Or even higher up abstraction, since it could be built on top of more
lower layer ACE/socket apis ;).

> Many, but not all, implementations of that abstraction would be based
> on sockets, select, epoll, kqueue, etc.. At my work, where this
> design was born, we have a direct serial implementation and an
> HTTP-tunnel implementation. We have also implemented the stream
> abstraction for NT named pipes and SSL (using OpenSSL). By virtue of
> the abstract nature of things, we can use SSL over named pipe for
> example. Or SSL over serial line (you get the idea<g>).

The abstraction also imposes a lot of choices on threading and memory
managment. Like creating threads behind you back and such that could be
a problem. Eg calling a com object on a callback thread in Windows needs
CoInitialize to be called and so forth. So just creating threads behind
the back and do callbacks to user code is a problem. Of course you could
and should provide a thread init hook or something to that matter.

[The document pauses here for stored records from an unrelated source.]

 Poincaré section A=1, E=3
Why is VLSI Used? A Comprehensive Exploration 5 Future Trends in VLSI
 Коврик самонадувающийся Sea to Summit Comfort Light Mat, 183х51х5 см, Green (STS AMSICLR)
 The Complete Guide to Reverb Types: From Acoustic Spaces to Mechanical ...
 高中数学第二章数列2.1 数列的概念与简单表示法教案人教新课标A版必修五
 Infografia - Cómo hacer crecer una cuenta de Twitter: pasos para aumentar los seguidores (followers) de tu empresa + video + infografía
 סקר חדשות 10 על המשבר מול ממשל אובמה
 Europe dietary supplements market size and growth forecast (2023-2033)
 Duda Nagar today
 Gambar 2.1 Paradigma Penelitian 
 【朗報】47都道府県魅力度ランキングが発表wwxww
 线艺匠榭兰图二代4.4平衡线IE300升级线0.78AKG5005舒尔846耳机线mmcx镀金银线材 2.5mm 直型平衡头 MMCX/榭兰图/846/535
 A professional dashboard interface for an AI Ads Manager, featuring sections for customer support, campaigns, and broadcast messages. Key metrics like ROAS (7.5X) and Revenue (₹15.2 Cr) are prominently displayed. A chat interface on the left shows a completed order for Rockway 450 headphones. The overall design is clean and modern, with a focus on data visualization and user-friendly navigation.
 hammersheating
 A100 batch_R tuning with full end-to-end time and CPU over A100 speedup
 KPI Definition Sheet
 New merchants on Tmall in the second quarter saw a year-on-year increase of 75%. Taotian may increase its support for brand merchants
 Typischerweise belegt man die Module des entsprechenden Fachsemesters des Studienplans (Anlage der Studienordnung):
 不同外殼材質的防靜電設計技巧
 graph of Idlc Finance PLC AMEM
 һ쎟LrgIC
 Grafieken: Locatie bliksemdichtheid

> I have acceptor in my proposal, but connector didn't seem (to me) to
> be an entire class/object. I have an address object as the Abstract
> Factory for a stream object, which is similar to a connector concept
> except that the connection process begins with a method on the stream
> object. In other words, the stream is created in an unconnected state
> and it is that stream that we want to connect. This felt like a much
> better fit to the problem at hand (again, to me<g>).

I see no problem with this. The only thing an connector gives you is the
possibility to do some hand shaking or whatever before handing the
stream to the handler and this handshacking wouldn't be relevant to the
protocol handler.

> The layer is conceptually complete (or should be made so by adding
> new abstractions). The only reasons I see for going around the layer
> I propose would be: use of platform-specific features or performance.

How would you write a single threaded reactive server or client?